Regulating adhesion of solid-electrolyte interphase to silicon via covalent bonding strategy towards high Coulombic-efficiency anodes

Nanostructured silicon-based materials are the promising anodes for next-generation lithium-ion batteries. However, as the result of the weak adhesion of solid-electrolyte interphase (SEI) to Si, the fracture, exfoliation and subsequent regrowth of SEI layer on the expanded Si remains unsolved, leading to low initial Coulombic efficiency (ICE) (50-80%). Herein, the Ti-Si covalent bond between nano-Si and MXene-derived artificial SEI layer is elaborately introduced, to effectively strengthen the interfacial stability and suppress the excessive interfacial side reaction.

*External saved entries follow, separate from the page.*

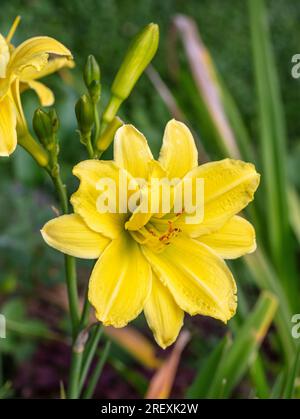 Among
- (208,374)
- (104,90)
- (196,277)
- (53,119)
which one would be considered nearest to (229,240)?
(196,277)

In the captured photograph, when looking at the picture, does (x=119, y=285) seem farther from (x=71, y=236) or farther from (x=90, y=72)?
(x=90, y=72)

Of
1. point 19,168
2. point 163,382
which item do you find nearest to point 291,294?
point 163,382

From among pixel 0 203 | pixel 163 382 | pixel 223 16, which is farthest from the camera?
pixel 223 16

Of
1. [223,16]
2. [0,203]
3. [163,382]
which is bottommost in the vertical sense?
[163,382]

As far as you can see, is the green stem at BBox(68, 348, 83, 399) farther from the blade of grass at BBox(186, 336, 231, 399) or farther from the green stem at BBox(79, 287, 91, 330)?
the blade of grass at BBox(186, 336, 231, 399)

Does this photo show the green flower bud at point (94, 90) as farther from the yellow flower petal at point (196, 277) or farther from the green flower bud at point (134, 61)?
the yellow flower petal at point (196, 277)

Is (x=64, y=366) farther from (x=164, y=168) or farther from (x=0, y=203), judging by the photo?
(x=164, y=168)
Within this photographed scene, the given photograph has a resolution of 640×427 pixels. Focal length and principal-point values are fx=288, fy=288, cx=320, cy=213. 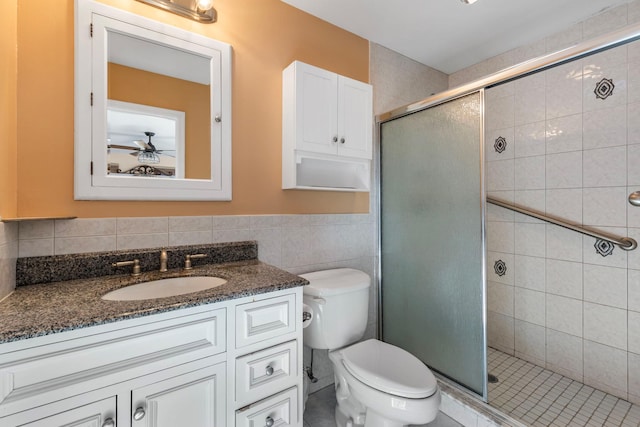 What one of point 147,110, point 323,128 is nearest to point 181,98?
point 147,110

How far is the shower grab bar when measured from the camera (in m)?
1.61

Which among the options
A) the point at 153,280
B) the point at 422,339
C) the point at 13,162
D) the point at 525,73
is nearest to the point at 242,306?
the point at 153,280

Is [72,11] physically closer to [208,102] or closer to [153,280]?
[208,102]

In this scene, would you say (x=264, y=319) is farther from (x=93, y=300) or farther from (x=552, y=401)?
(x=552, y=401)

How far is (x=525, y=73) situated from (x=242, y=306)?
1515 millimetres

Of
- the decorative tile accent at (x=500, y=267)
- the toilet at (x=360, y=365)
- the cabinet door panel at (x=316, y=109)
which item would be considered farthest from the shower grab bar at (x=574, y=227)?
the cabinet door panel at (x=316, y=109)

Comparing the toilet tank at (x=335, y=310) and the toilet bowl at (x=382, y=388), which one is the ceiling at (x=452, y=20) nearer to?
the toilet tank at (x=335, y=310)

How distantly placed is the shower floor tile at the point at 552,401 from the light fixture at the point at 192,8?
2430 millimetres

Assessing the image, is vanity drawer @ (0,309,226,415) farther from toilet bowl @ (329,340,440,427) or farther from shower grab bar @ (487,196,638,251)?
shower grab bar @ (487,196,638,251)

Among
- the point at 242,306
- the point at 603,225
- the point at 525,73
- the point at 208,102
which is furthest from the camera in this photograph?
the point at 603,225

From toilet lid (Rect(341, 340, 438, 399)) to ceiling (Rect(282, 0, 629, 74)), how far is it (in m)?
1.88

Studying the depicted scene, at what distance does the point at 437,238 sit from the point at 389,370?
769 mm

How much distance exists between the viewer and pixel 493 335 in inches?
87.7

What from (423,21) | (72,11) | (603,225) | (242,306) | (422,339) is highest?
(423,21)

Upon the three-times expansion during first cycling, the as-obtained anodes with the ultrathin SEI still deliver a high ICE of 91.4%. Due to the stable interfacial ionic conduction, remarkable capacity retention of 90.7% after 1000 cycles at 5 A g- 1 with an average Coulombic efficiency of 99.8% could be maintained. This strategy provides new insight into designing durable alloy anodes from the point of the interfacial adhesion strength.

Automated summary

By introducing the Ti-Si covalent bond, this study successfully strengthens the interfacial stability between nano-Si and MXene-derived artificial SEI layer, addressing the capacity decay issue of silicon anode materials in lithium-ion batteries, improving initial Coulombic efficiency and cycling stability.